Kinetochore protein depletion underlies cytokinesis failure and somatic polyploidization in the moss Physcomitrella patens
- Nagoya University, Japan
Figures
Figure 1 with 7 supplements
Unconventional localization of kinetochore proteins in P. patens.
(A) Live imaging of P. patens caulonemal apical cells expressing mCherry-tubulin and selected kinetochore proteins: Citrine-CENP-A; Citrine-CENP-C; Citrine-CENP-S; KNL1-Citrine; Ndc80-Citrine and SKA1-Citrine. Full localization data can be found in Supplemental data. Some kinetochore signals are marked with yellow arrowheads, whereas autofluorescent chloroplasts are all marked with white asterisks. Images were acquired at a single focal plane. Bars, 5 µm. See Figure 1—figure supplements 1–7, Videos 1–4. (B) Timeline of centromere/kinetochore localization during the cell cycle in P. patens caulonemal apical cells. Solid lines correspond to the detection of clear kinetochore signals, whereas dotted lines indicate more dispersed signals.

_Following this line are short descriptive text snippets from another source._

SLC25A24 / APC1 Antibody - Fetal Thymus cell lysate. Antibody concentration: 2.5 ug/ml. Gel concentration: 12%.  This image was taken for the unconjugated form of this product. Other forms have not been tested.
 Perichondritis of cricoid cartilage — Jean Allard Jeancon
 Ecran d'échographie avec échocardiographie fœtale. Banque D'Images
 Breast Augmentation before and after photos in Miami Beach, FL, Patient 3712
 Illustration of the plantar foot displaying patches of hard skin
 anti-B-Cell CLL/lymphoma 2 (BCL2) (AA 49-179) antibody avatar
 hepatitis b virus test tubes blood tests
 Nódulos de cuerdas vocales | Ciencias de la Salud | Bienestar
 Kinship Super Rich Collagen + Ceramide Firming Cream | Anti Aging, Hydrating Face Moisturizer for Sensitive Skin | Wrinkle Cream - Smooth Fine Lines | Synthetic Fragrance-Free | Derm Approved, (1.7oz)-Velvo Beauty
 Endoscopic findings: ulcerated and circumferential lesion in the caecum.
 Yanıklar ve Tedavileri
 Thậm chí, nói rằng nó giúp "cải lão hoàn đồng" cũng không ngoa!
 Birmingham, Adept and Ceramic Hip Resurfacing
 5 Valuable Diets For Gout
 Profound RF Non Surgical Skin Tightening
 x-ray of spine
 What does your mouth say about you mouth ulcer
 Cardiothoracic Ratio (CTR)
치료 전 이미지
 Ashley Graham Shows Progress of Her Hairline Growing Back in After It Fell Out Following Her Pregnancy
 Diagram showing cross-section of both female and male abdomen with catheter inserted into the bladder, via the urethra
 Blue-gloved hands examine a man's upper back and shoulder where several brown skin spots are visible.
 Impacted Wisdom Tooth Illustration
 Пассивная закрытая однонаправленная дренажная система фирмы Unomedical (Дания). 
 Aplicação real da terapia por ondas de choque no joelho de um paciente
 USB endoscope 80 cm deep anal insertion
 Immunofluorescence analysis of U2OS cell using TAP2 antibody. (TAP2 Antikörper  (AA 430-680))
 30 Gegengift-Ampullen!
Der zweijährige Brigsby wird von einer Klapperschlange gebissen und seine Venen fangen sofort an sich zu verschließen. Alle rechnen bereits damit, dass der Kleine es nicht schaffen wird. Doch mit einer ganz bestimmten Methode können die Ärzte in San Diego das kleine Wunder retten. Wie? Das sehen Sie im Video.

Figure 1—figure supplement 1
Summary of kinetochore protein tagging and disruption/knockdown in P. patens.
(Left) Maximum-likelihood phylogenetic trees of conserved centromere/kinetochore proteins in Physcomitrella patens, Arabidopsis thaliana and Homo sapiens. Numbers represent bootstrapping values (above 50%) calculated from 1000 replications. Accession numbers for each protein correspond to Phytozome (https://phytozome.jgi.doe.gov/) for P. patens; TAIR (https://www.arabidopsis.org/) for A. thaliana and UniProt (http://www.uniprot.org/) for H. sapiens. (Middle) Summary of Citrine tagging pursued in this study. (Right) Summary of knockout, CRISPR/Cas9 frameshift (‘-' indicates that frameshift mutations could not be obtained) and RNAi experiments pursued in this study. HR stands for homologous recombination. ‘+' indicates successful transgenic line selection.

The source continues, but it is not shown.